Required work
Exactly and only the lines below from the one containing "May include: A" down to the one containing "view mom holding" are wanted, both included; please exclude every picture.

Data provided
########################################

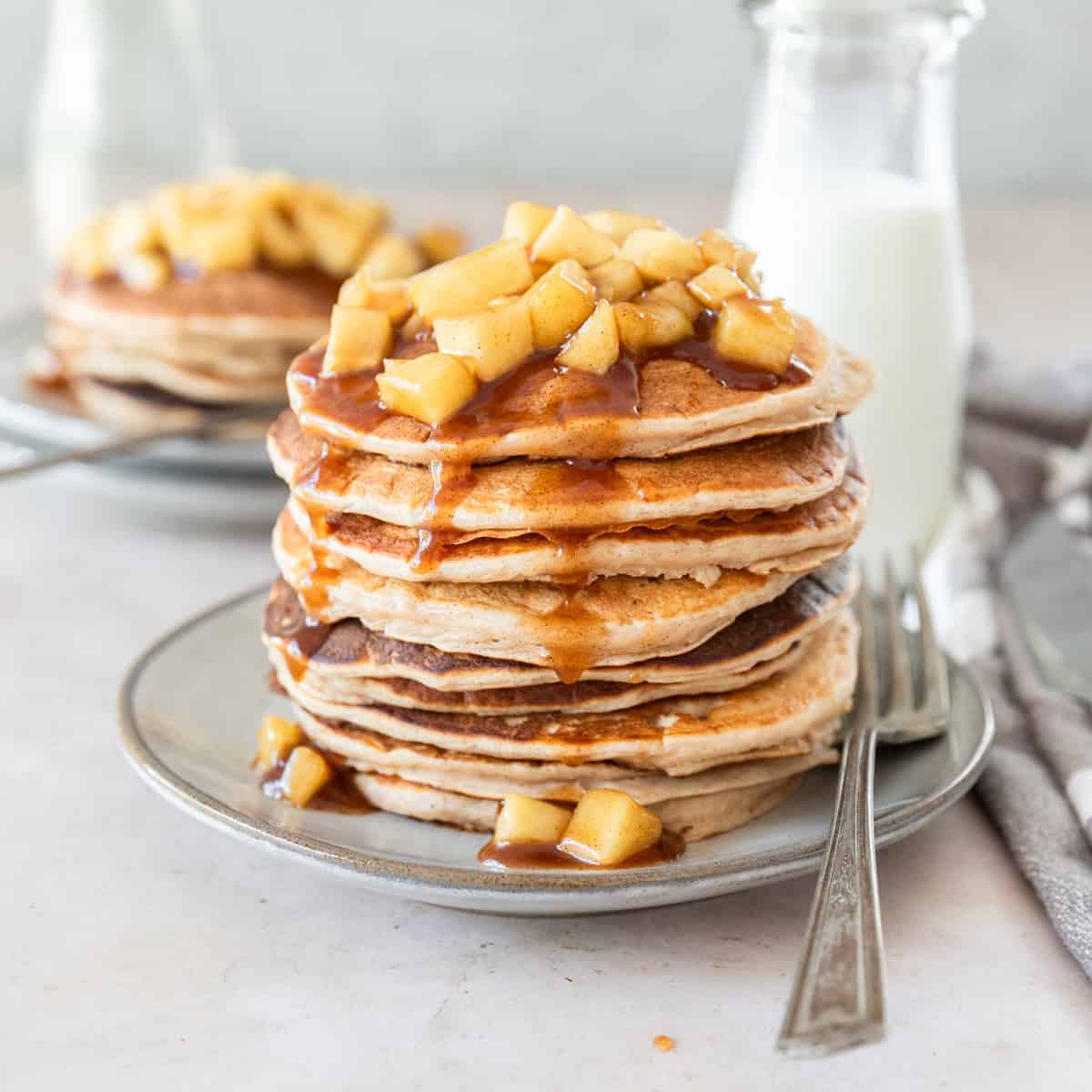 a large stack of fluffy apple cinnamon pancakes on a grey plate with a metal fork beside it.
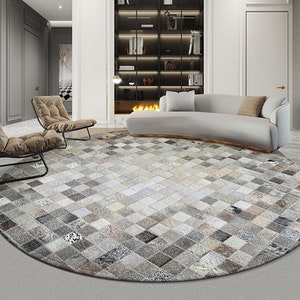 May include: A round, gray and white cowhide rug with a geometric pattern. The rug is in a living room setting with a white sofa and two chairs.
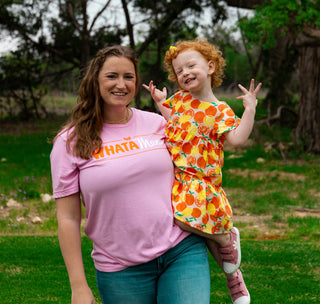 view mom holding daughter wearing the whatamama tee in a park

########################################

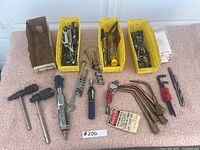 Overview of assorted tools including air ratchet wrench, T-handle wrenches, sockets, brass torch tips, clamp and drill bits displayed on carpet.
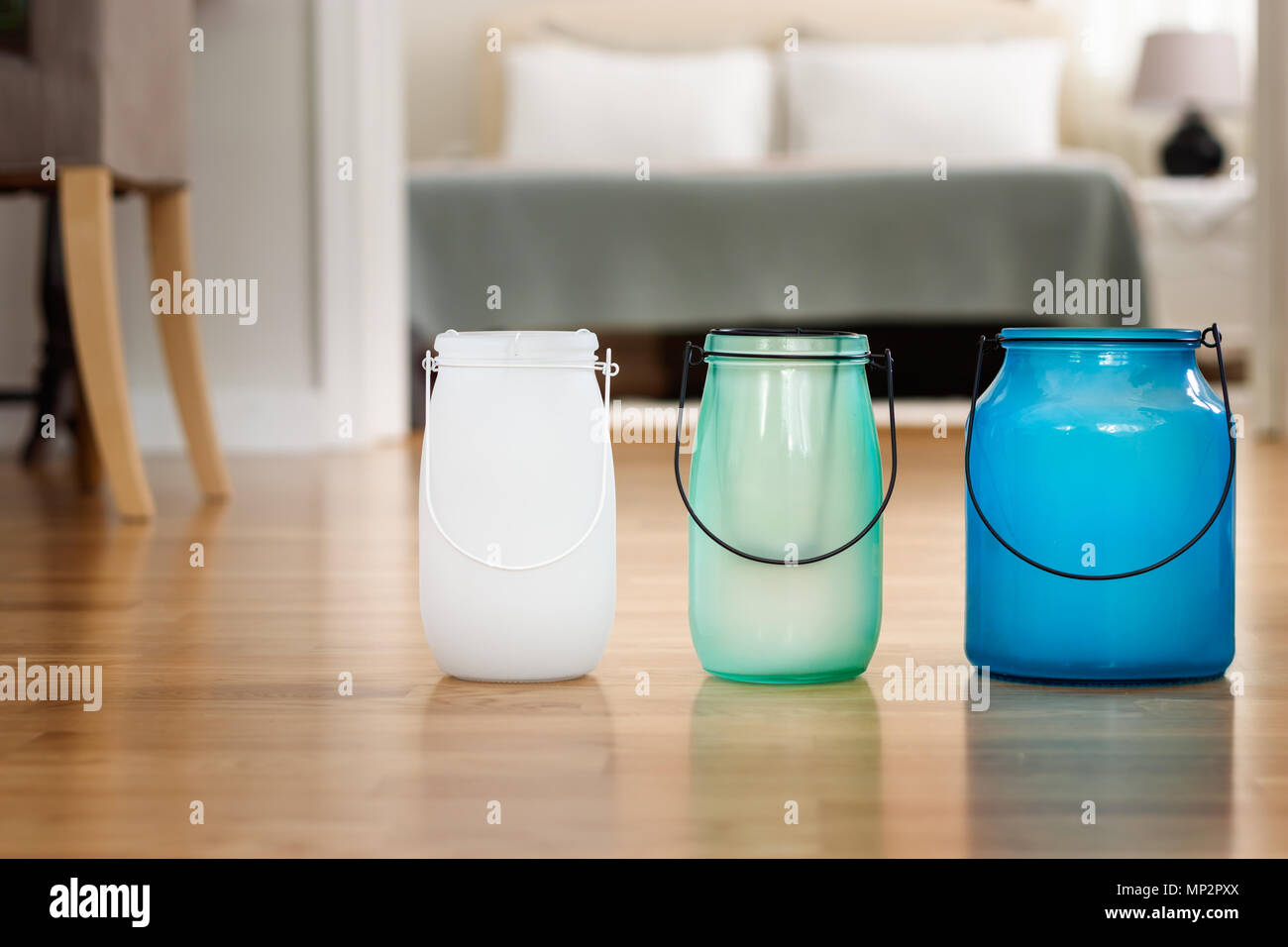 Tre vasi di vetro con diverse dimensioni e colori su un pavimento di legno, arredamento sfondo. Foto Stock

########################################

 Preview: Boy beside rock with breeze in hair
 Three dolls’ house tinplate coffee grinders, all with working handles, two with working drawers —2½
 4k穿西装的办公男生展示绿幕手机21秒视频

########################################

Task answer
 May include: A round, gray and white cowhide rug with a geometric pattern. The rug is in a living room setting with a white sofa and two chairs.
 view mom holding daughter wearing the whatamama tee in a park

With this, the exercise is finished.